Evaluating Qualifiers in Rating Scales

Dr Morgan Earp (US Bureau of Labor Statistics) - Presenting Author
Dr Jean Fox (US Bureau of Labor Statistics)
Dr Robin Kaplan (US Bureau of Labor Statistics)

Researchers in many domains use surveys to standardize data collection across respondents. These surveys often ask respondents to rate some construct, such as satisfaction or importance, typically using a 5-or 7-point scale. These scales use a variety of qualifiers, such as “Very,” “Quite a bit,” “Somewhat,” “A little,” or “Not at all.” However, these qualifiers are subjective, and respondents may interpret them differently. Additionally, it’s often unclear whether respondents are considering the full range of the responses, or if they can distinguish differences between adjacent response categories. To investigate these questions, we conducted two phases of research. First, we used Item Response Theory (IRT) to evaluate whether a variety of scales effectively captured the full range of the construct. The surveys we used were mostly customer satisfaction surveys, which included constructs such as satisfaction, effort, and ease of use. They spanned three categories of qualifiers: Strength/Intensity (e.g., Not at all, Somewhat, Very), Frequency (e.g., Never, Sometimes, Occasionally), and Evaluation (e.g., Good, Neutral, Bad). We present and compare IRT item step thresholds across latent constructs and qualifier categories. In the second phase of this research, we asked participants (N=600) to complete an online survey where they assigned values on a scale from 0 to 100 to different qualifiers. The values indicated “how much” the respondent felt each qualifier represents. For example, “Extremely” might get a high rating while “none at all” might get a low rating. Reviewing the values from the study should help researchers generate scales that better measure the full range of a construct, and determine when qualifiers are not noticeably different from one another. We discuss the implications of this research for the design of valid and reliable survey response scales.

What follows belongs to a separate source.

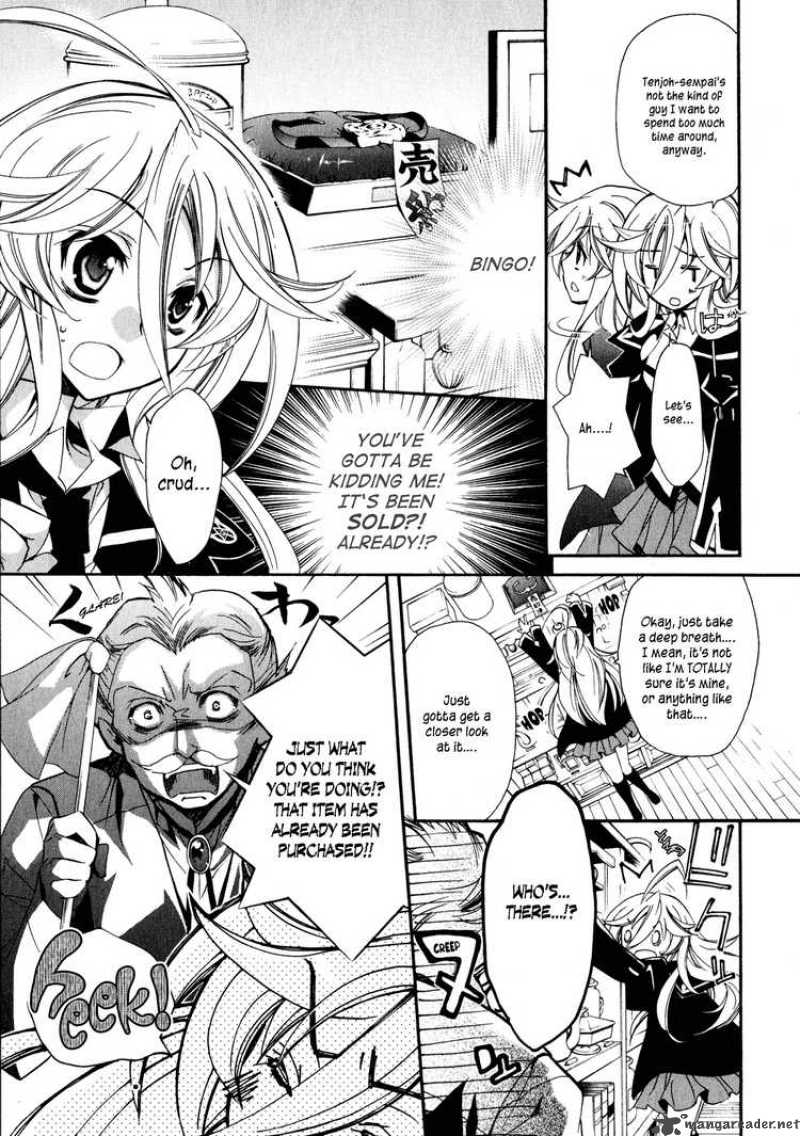 Barajou No Kiss 3 13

New Mobile-Friendly Labels: Using Numbers as Labels

Professor Randall Thomas (Ipsos) - Presenting Author
Dr Frances Barlas (Ipsos)

Fully-anchored, semantically labeled scales have been found to have somewhat higher levels of validity than end-anchored scales (Krosnick, 1999). However, since most smartphone respondents take online surveys in the portrait orientation, even the horizontal presentation of five categories with full semantic labels can extend off the screen. We developed an alternative for smartphone screens - replacing all semantic labels with numeric labels as clickable buttons to anchor the responses, with plus or minus indicators (e.g. How much do you like doing X? -2 -1 0 +1 +2). While researchers often provide end labels for respondents, either in the response field or in a respondent instruction in the item stem (e.g., On a scale of 0 to 10, where ‘0’ means ‘Do not like’ and ’10’ means ‘Strongly like’…), we eliminated all semantic labels, allowing us to save screen space. Our interest was if respondents, when left to their own interpretations of the meaning and spacing of the responses, would use the numbers equivalently to semantically labeled responses. In this paper, we summarize 4 different studies where we randomly assigned respondents to receive either a semantic or a numeric response format and employed a wide variety of scale types, including affective, evaluative, intensity, and behavioral measures. We found that numerics were completed more quickly, and showed equivalent response distributions and validity as semantic formats. In one experiment, we compared the use of a respondent instruction that defined the end points (Use a scale of 1 to 5, where 1=Not at all important and 5=Very important.) versus no respondent instructions. When presented with the respondent instructions, respondents treated the scale as an end-anchored scale while without the instruction the response distribution was more similar to a semantic format. We discuss the future applications and some limitations we’ve encountered in our exploration of the numeric format.